## The records
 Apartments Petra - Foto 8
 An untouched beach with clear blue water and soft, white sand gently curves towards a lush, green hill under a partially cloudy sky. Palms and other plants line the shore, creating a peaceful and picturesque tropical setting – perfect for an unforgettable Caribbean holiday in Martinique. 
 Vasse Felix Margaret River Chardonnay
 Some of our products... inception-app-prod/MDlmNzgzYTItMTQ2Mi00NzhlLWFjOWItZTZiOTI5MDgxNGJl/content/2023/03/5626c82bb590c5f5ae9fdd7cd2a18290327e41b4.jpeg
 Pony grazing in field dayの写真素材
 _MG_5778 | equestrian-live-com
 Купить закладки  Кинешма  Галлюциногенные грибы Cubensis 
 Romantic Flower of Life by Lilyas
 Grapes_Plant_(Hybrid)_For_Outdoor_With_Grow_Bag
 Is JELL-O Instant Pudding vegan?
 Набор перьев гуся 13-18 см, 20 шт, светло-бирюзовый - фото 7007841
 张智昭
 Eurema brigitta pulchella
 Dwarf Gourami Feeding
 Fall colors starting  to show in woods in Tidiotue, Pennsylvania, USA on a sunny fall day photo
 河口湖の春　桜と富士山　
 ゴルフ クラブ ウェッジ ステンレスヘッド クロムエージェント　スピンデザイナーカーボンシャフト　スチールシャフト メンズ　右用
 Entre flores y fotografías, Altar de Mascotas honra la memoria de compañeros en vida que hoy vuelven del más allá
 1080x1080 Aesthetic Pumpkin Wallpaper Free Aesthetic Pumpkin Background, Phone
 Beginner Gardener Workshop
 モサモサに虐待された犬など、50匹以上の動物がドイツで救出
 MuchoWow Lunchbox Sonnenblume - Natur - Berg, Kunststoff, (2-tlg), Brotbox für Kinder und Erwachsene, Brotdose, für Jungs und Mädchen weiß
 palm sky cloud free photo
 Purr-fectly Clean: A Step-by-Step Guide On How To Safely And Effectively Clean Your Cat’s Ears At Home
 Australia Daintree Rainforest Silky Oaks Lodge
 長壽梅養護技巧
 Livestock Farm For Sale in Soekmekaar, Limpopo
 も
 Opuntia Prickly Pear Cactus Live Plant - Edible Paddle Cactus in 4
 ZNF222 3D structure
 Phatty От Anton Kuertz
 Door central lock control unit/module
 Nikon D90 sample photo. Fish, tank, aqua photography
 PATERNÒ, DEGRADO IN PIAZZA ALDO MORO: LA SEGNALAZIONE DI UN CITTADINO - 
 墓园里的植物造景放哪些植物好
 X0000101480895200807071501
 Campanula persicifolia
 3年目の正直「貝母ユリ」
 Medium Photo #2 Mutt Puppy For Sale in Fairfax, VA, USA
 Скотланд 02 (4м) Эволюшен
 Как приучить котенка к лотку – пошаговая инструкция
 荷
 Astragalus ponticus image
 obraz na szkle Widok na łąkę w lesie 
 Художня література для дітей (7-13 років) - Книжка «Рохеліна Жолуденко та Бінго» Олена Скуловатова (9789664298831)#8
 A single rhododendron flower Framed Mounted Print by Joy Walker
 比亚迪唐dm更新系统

## Task
For this exercise, gather every line of the data that contains the word "Sale".

## Response area
 Livestock Farm For Sale in Soekmekaar, Limpopo
 Medium Photo #2 Mutt Puppy For Sale in Fairfax, VA, USA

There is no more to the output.